Ohio Bill to Curb No-Parole Sentences for Juvenile Killers Has No Basis in Constitution

COMMENTARY Crime and Justice

Ohio Bill to Curb No-Parole Sentences for Juvenile Killers Has No Basis in Constitution

Dec 5th, 2020 12 min read
COMMENTARY BY
Charles "Cully" Stimson

Senior Legal Fellow & Manager, National Security Law Program

Cully Stimson is a widely recognized expert in national security, homeland security, crime control, drug policy & immigration.
A candlelight vigil in Chardon, Ohio, on Feb. 28, 2012, after a school shooting. The teen gunman was sentenced to prison for life without the possibility of parole. Jeff Swensen / Stringer / Getty Images

Key Takeaways

In its 2011-2012 term, the Supreme Court considered two challenges to juvenile life without parole sentences.

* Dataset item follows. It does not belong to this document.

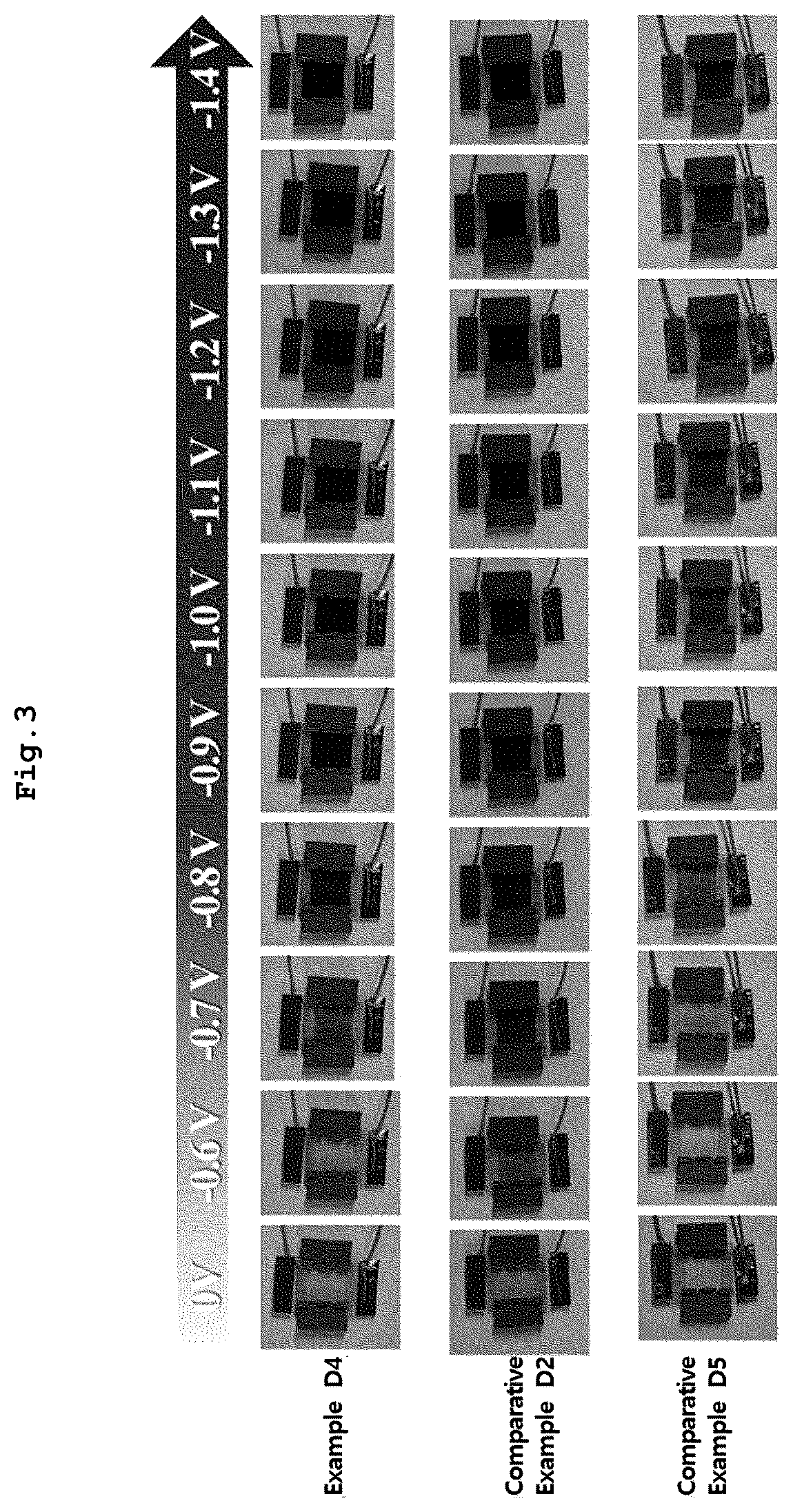 Patent US12422723 Figure 3 – Composition for electrochromic device having optical transmission, high flexibility, and high moisture resistance, and manufacturing method of electrochromic member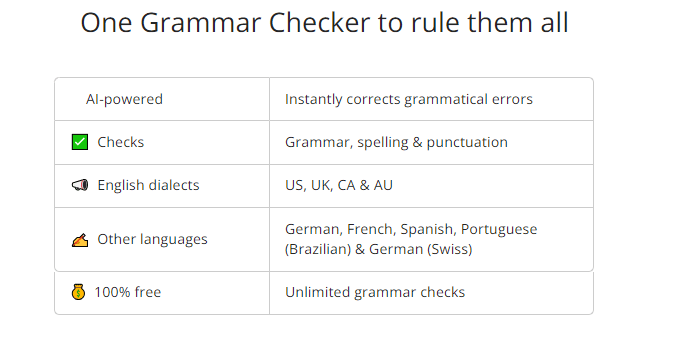 QuillBot Grammar Checker Feature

Some proponents of SB 256 have provided testimony that is troublesome, if not outright misleading.   

There’s no compelling reason to hastily enact legislation related to juvenile life without parole sentences in Ohio.

Some legislators in Ohio want to give almost every former and future juvenile killer sentenced to life without parole a break, based on a blanket misunderstanding of Supreme Court precedent. 

The Ohio state Senate co-sponsor of a bill, SB 256, which would do just that, recently wrote that the Supreme Court has held juvenile sentences of life without parole unconstitutional, but the Supreme Court has never done so

If this bill gets out of the state Senate Judiciary Committee next week, Speaker of the House Bob Cupp, R-Lima, should refuse to bring the misinformed bill to the floor, thereby killing it, or at least agree to restart the process next year with appropriate amendments based on the Supreme Court’s actual holdings in this area of the law.

For a juvenile killer to be eligible for a sentence of life without parole, the legislation has proposed a new offense called “aggravated homicide,” defined as the purposeful killing of three or more people when the offender is the principal offender in each offense. 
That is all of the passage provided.